- Assignment: Reproduce all of the entries character for character, while leaving out any pictures they contain.

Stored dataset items
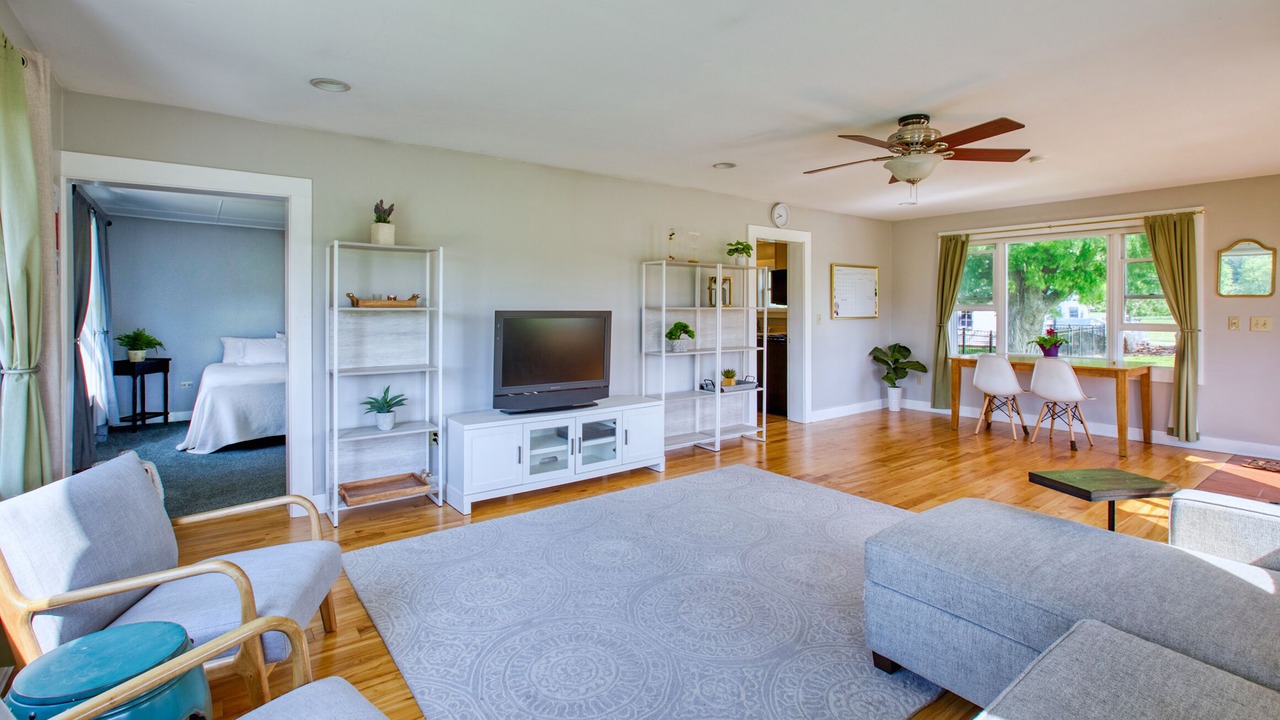 Photo of Livingroom in Grand Isle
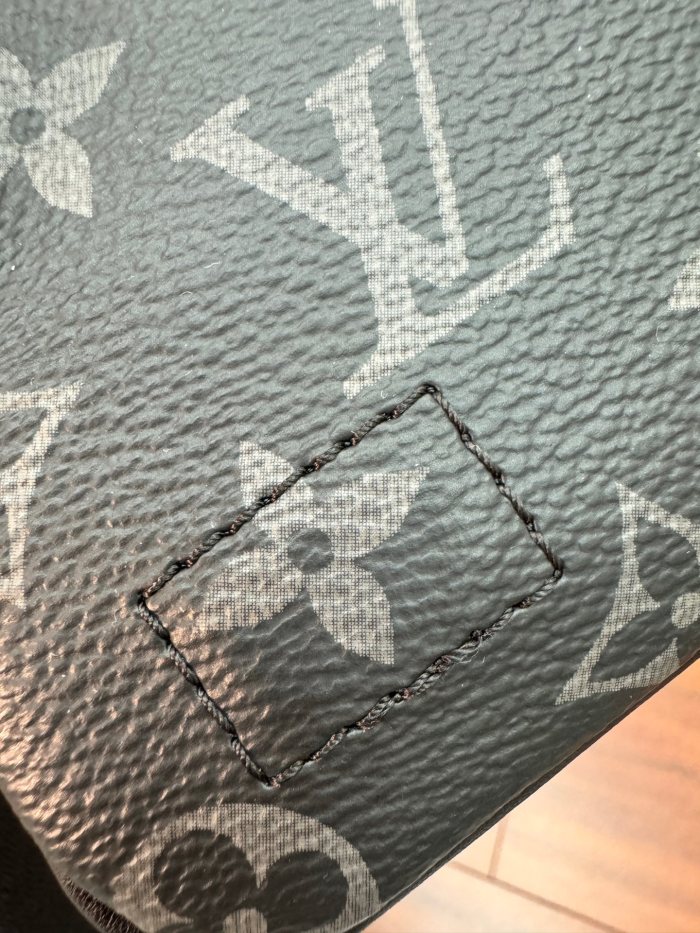 NIGO Louis Vuitton BOSPHORE Men's Solid Color Detachable Shoulder Strap Letter Print Leather Shoulder Bag Crossbody Bags #nigo77964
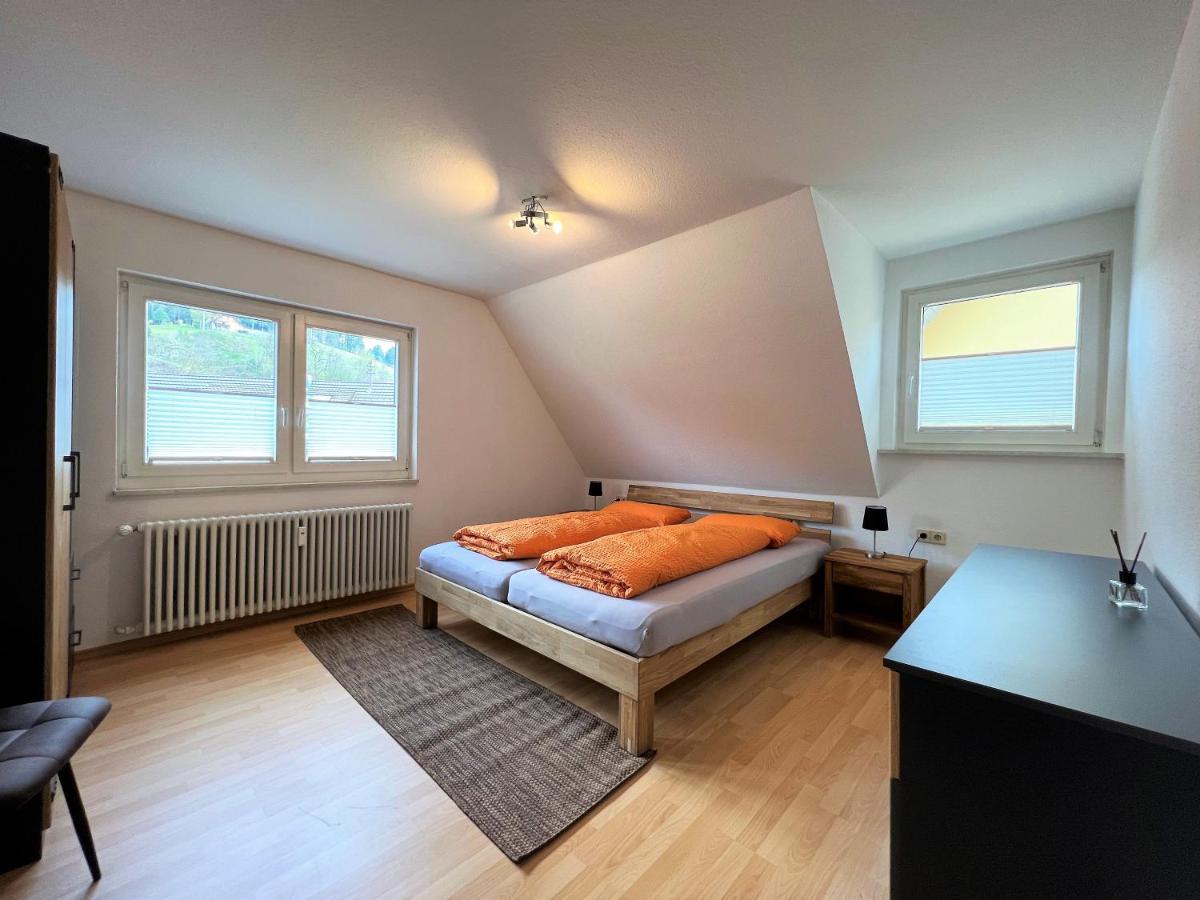 Ferienwohnung Kinzigblick - Balkon - Fuer Kinder - Mit Bettwaesche & Handtuecher Schenkenzell ภายนอก รูปภาพ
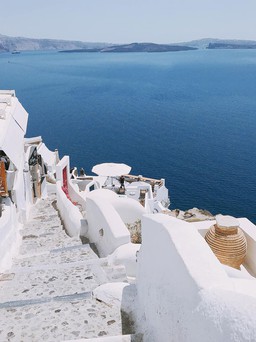 'Sống ảo' ở Santorini chỉ hai màu trắng xanh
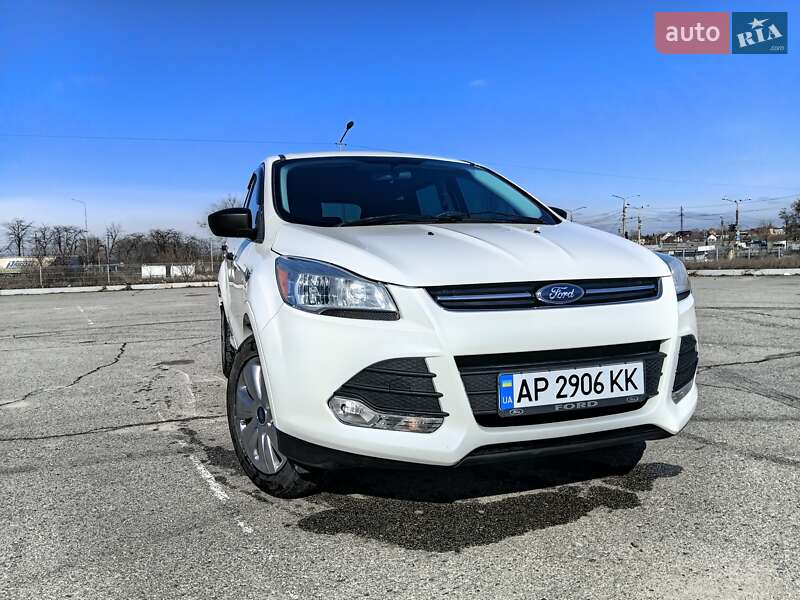 Внедорожник / Кроссовер Ford Escape 2015 в Запорожье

- Solution to this problem:
 Photo of Livingroom in Grand Isle
 NIGO Louis Vuitton BOSPHORE Men's Solid Color Detachable Shoulder Strap Letter Print Leather Shoulder Bag Crossbody Bags #nigo77964
 Ferienwohnung Kinzigblick - Balkon - Fuer Kinder - Mit Bettwaesche & Handtuecher Schenkenzell ภายนอก รูปภาพ
 'Sống ảo' ở Santorini chỉ hai màu trắng xanh
 Внедорожник / Кроссовер Ford Escape 2015 в Запорожье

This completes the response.